Despite being a useful theory, explaining literary genres through retracing, in such manner, the functions of the chronotope would rather lead to a thematic interpretation. Hence, I will attempt to define fantasy literature as a genre starting from an understanding of spatial-temporal structures as being internal (abstract) laws of fiction. Following a similar path as other researchers in literary theory and social sciences, I will use heterotopia as the conceptual matrix in defining fantasy genre. Heterotopia is a less abstract and a more general spatial-temporal category than the chronotope and could specify and particularize fantasy fiction without excluding the idea that it exemplifies the generic sub-type of the mission chronotope. On the contrary, the mission chronotope is part of fantasy heterotopia. My presumptions start from the fact that fantasy represents a heterotopic genre and that, in this particular case, the chronotope can be replaced by heterotopia as a more accurate term to describe the general traits of this type of literature.
In his book Critical Terms for Science Fiction and Fantasy Gary K. Wolfe reveals the first attempt to define fantasy as heterotopic: “‘Heterotopia’ was suggested by Robert Plank in 1968 as a convenient term for works of fiction that invent ‘not only characters but also settings.’”[12] Heterotopia presupposes a “displacement”[13] and holds spatial-temporal relations that are unprecedented and even non-existent in reality. Hence, heterotopia, seen through such a lens, receives a different space-time order and other governing and structuring laws. Maria Nikolajeva, another renowned researcher on fantasy, details the heterotopic features of this literature by emphasising the flexible nature of its spatial-temporal features:
Contemporary fantasy often involves a multitude of secondary worlds, heterotopia. The “hetero” of this recent literary term emphasizes dissimilarity, dissonance, and ambiguity of the worlds. Heterotopia denotes a multitude of discordant universes, the ambivalent and unstable spatial and temporal conditions in fiction. The concept itself comes from quantum physics. Heterotopia interrogates the conventional definitions of children’s fiction based on simplicity, stability, and optimism. By definition, heterotopic space is neither simple nor stable. On the contrary, it is intricate and convoluted, ever changing, ever shape-shifting.[14]
Fantasy worlds display completely new spatial-temporal structures, different from those found in reality and being in a continuous transformation. But these are not the sole traits of fantasy heterotopia.

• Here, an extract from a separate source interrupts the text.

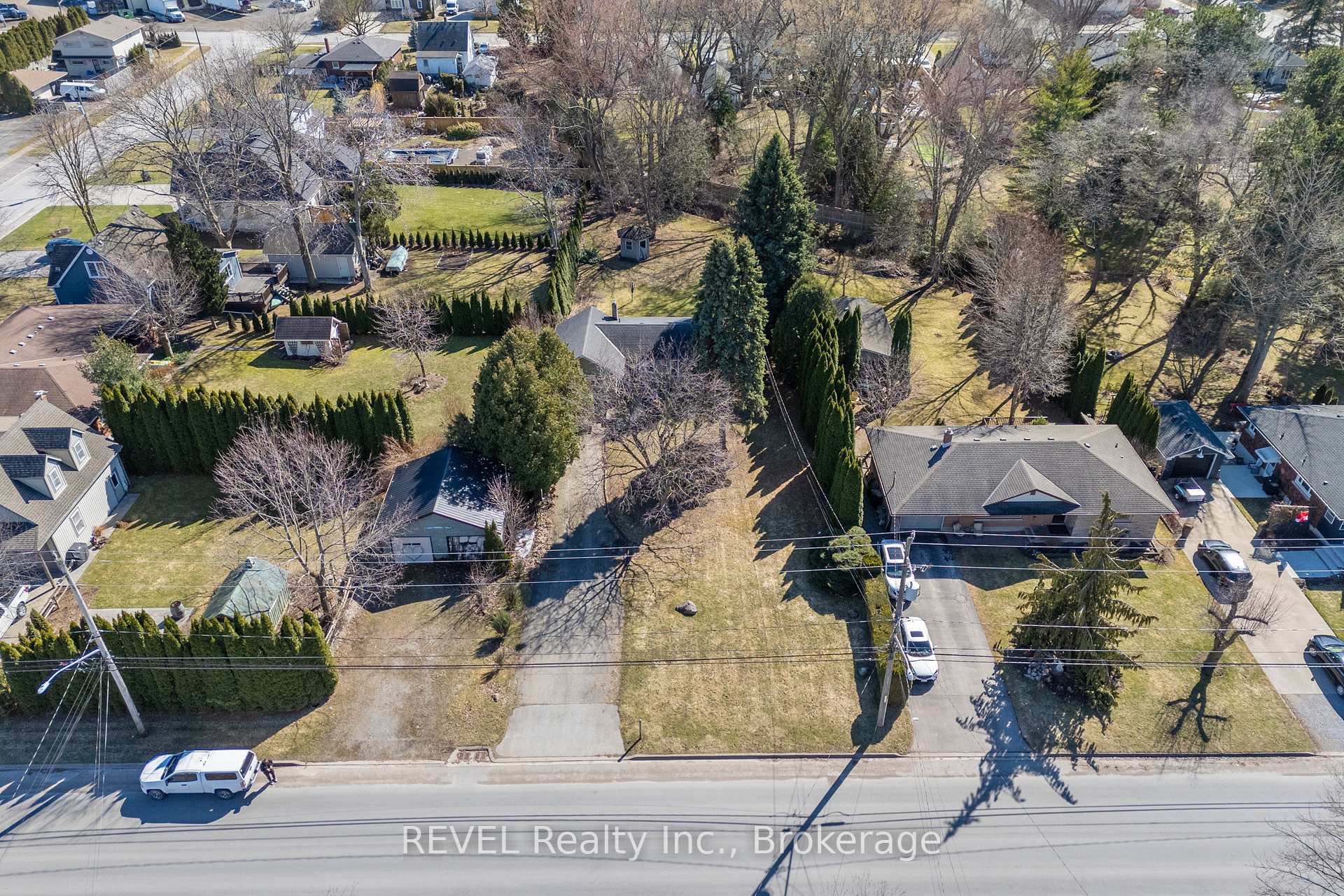 Photo of 639 Penner Street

Nikolajeva deals rather with a heterocosm and its constituents: numerous secondary worlds containing just as many different in nature and structure spatial-temporal relations. In fact, the fantasy world in itself is a heterotopia and its numerous traits could become generic categories for this literature. In order to define fantasy as a heterotopic genre,[15] it is useful to turn to Michel Foucault’s understanding of heterotopia and the six principles governing other spaces.
In his 1967 essay Des Espaces Autres[16] the French philosopher explores a new perspective on real space, defining some emplacements as heterotopia. According to Foucault, time has been demythified through the transition from a mythical to a scientific and profane regime, but space has kept certain sacred reminiscences. One spatial entanglement where the sacred manifests is heterotopia or the other space (locus alter). All six principles on the nature of heterotopias can be found in the structure of the secondary world in fantasy, suggesting that this world is genuinely heterotopic.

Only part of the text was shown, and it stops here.